Russian revolutionary whose 1878 attempt to assassinate the governor of St. Petersburg followed by her acquittal in a sensational jury trial made her a popular heroine and influential figure in the Russian radical movement during the late 19th and early 20th centuries. Name variations: Zasul. Pronunciation: VYE-ra Za-SU-lich. Born Vera Ivanovna Zasulich on August 8, 1849, on her parents' estate at Mikhailovka, in the Gzhatsk district of Smolensk province in Imperial Russia; died in Petrograd in Soviet Russia of pneumonia on May 8, 1919; daughter of Ivan Petrovich Zasulich(a petty noble and former army officer) and Feoktista Mikhailovna Zasulich; educational training on estate of her relatives and in Moscow in preparation to serve as a governess; never married, but had a longtime liaison with Lev Deich, a fellow revolutionary.

Sent to live with relatives on neighboring estate (1852); attended school for governesses in Moscow (1866–67); arrested and imprisoned in St. Petersburg (1869–71); rearrested, exiled to Kostroma province and then to city of Kharkov (1872–75); released from exile, joined revolutionary group in Kiev (1875); attempted assassination of Trepov, tried and acquitted, and fled to Western Europe (1878); returned to Russia (1879–80); lived in Switzerland, France, and Britain (1880–1906); founded Liberation of Labor group in Geneva (1883); longtime companion Lev Deich arrested and exiled to Siberia (1884); returned to Russia (1899–1900); Second Russian Marxist Congress (1903); permanently returned to Russia (1906); defended Russian participation in World War I (1914–17); criticized Bolshevik Revolution (1918).

Selected writings:

"Revolutionaries of Bourgeois Background" (1890); Jean Jacques Rousseau (1898); "Elements of Idealism in Socialism" (1901–02); "The Organization, the Party, the Movement" (1904).
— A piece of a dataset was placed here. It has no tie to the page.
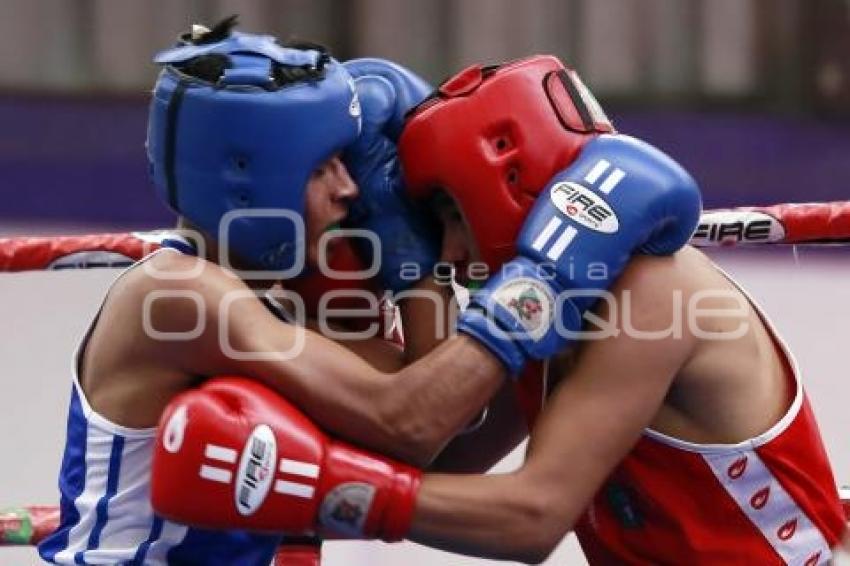 TORNEO DE LOS BARRIOS DE BOX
Russia in the middle of the 19th century was a country in crisis. Defeat in the Crimean War of 1854–56 at the hands of Britain, France, and Turkey had demonstrated the weakness of the nation ruled by Tsar Nicholas I. Military failure had its roots in Russia's backwardness: the mass of the country's population consisted of impoverished peasants tied to the land as serfs; in an era of rapid industrialization in Western Europe, Russia lagged far behind other countries in its economic and social development.
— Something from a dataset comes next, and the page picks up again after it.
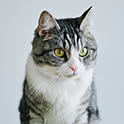 kotaro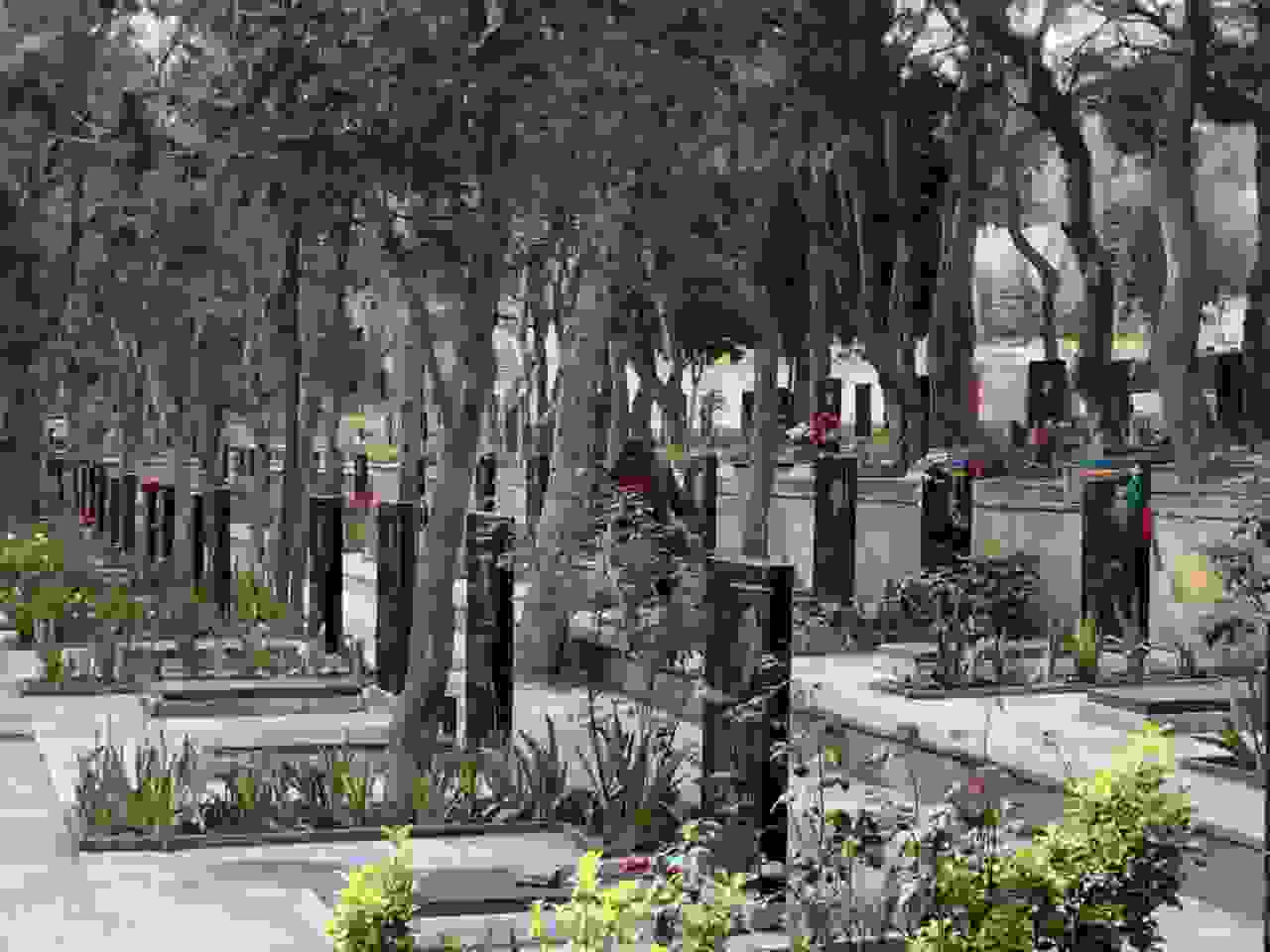 Martyr's Alley Garden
The reforms of Tsar Alexander II, which began in the 1860s, freed the peasants from serfdom, modernized the armed forces, and set in motion a number of other measures that brought Russia closer to the pattern of other countries. But the limited nature of these reforms—the peasants were still tied to the land and left in poverty—encouraged the growth of radical groups committed to revolution. Vera Zasulich emerged as an important radical figure, first within the extreme groups committed to a peasant revolution, then within the Russian Marxist movement with its stress on the factory workers as the driving force of revolution.

Vera Zasulich was born into a family of impoverished nobles on August 8, 1849, in the province of Smolensk. Her early years were spent in harsh and tragic circumstances, starting with the death of her father when she was three. Females from impoverished noble families in Russia normally found work as governesses. Thus, Vera's mother, a widow with five orphans to raise, sent the child to live with more affluent cousins where she could receive the education needed to prepare her for such work. Her training included instruction in foreign languages, and during her career as a revolutionary this permitted her to earn her living as a translator.
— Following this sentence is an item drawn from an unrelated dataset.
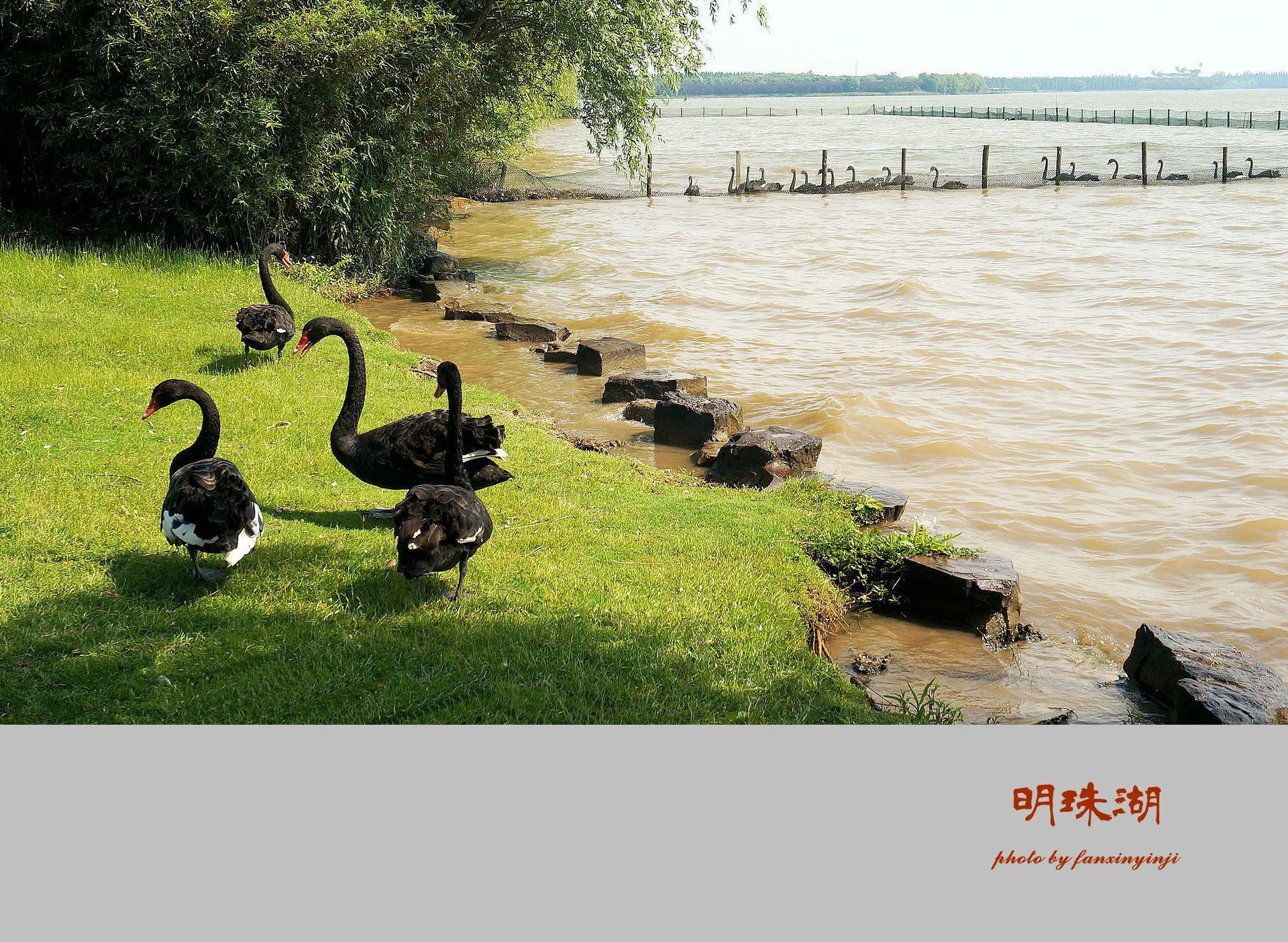 Xisha–Tasik Mingzhu (Tasik Mingzhu) — imej rujukan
Young Vera was lonely and miserable in the midst of wealthy relatives who treated her with disdain. At age 17, she moved to Moscow to continue her preparation for the role of governess. In the two main cities of Russia—Moscow and St. Petersburg—groups of political radicals comprised of both men and women met to discuss revolutionary literature, to plan ways to reach and influence the peasant mass of the population, to ponder how to overthrow the existing order. The atmosphere of the 1860s, in which the young Alexander had emancipated the peasants but left the country short of truly sweeping reform, encouraged feelings that a new social and political order could be created. Guided by her sister Ekaterina Zasulich , she became involved in a new world of exciting comrades.

Some of Vera's new friends had ties to Dmitri Karakozov, who had made an unsuccessful effort to murder the tsar in 1866. A wave of police searches and arrests after Karakozov's deed temporarily suppressed the radicals. Zasulich escaped this crackdown, but her ties to another charismatic revolutionary, Serge Nechaev, led her to her first jail cell. Nechaev like Karakozov believed in the tool of violence, but he became famous by first turning it against a member of his own circle whom he murdered. Feodor Dostoevsky immortalized the event in his novel The Possessed.

Nechaev often turned in names of his comrades to the police. In this way their suffering in prison would strengthen their hatred for the regime. According to Richard Stites, Zasulich was another one of Nechaev's victims. In 1869, the police arrested her for revolutionary activity. Zasulich, a quiet woman most at home with her books, may have paid a high price for her brief acquaintance with Nechaev. Over the next six years, she was imprisoned, exiled to the provinces, arrested a second time, and exiled once again. When she was released in 1875, she joined a group of radicals located in Kiev. By now she was a committed revolutionary, hoping like all her political comrades-in-arms to spark a peasant revolution that would overturn Russia's existing order. Her prison experiences remained vivid in her mind. Always a shy and lonely woman, she had been particularly pained by the even greater isolation she found in prison.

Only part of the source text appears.